20 Şubat 2016 Cumartesi

Zinciriye'nin Tılsımı


Ulu Cami görkemli bir yapıt... Minaresi kentin sembolü... Her noktada gözünüzün içinde... 
Yaz sıcağında cami avlusunun yeşilleri altına saklanıp serinliği yudumlarken minarenin haşmetini algılıyorsunuz. Taşlar uçup gitmiş gökyüzüne. Üstünde ayetler yazılmış. Yukarda Zinciriye Medresesi, aşağıda Ulu Cami. Kentin sembolleri. Aklınızdaki sembolleri birbirine düğüm ederken eski bir efsane gelip oturuyor önünüze. 
Zinciriye Medresesi ile Ulu Cami arasında yıllar önce bir zincir varmış, iki kutsal yapıt birbirine bağlıymış. Neden bağlanmış birbirine acaba? 
Kutsiyetleri birbirini güçlendirirmiş. Kenti koruyup kollarmış bu bağlılık. Gerçekten bir tılsımı varmış bu bağlılığın. Kenti kötülüklerden korurmuş. Özellikle insanı... Yaz sıcağında kente dağılan yılanlar, akrepler bu tılsıma çarpar düşerlermiş yere. Hiç kimseyi akrep sokmazmış. Mezopotamya'nın akrepleri el gibi.
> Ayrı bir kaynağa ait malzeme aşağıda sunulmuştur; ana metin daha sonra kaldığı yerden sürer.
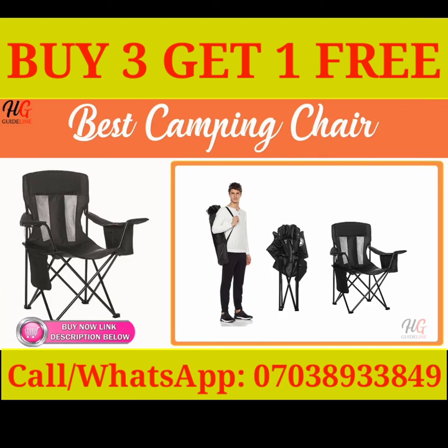Carry Bag Included. The Amazon Basics camping chair folds up and slides easily into the included carry bag. The bag's shoulder strap allows for slinging the chair over one shoulder for take-along portable convenience. Just pull the camping chair out and pop it open wherever you need extra seating.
Zehri morartır öldürür insanı. Ne zaman ki bu zincir kırılmış, o zaman tılsım bozulmuş. Akrepler bayram etmiş.
Zinciriye'nin zinciri yok ama anlatılan efsanesi var. Ulu Cami muhteşem kolonları, minaresi, bahçesi ile kentin tam ortasında Zinciriye kalenin dibinde. Her gün birbirlerine el uzatıyorlar hasretle. Zincir kırılınca bağları kopmuş. Ruhları ayrı düşmüş. Ama kentin panoraması içinde yine birlikteler. Zincirle değil ama kentin karşısına geçip hayranlıkla bakan insanlar onları gözleri ile birleştiriyor. Ellerini kavuşturup tılsımı görsel düzlemde birleştiriyorlar... 
Yüzyıllık minarenin üzerinden kalkan güvercinler biraz sonra Zinciriye Medresesi'nin kümbetinin üstüne konuyor. Kuşlarda ışık da gözler de onları hep ele ele tutuşturuyor.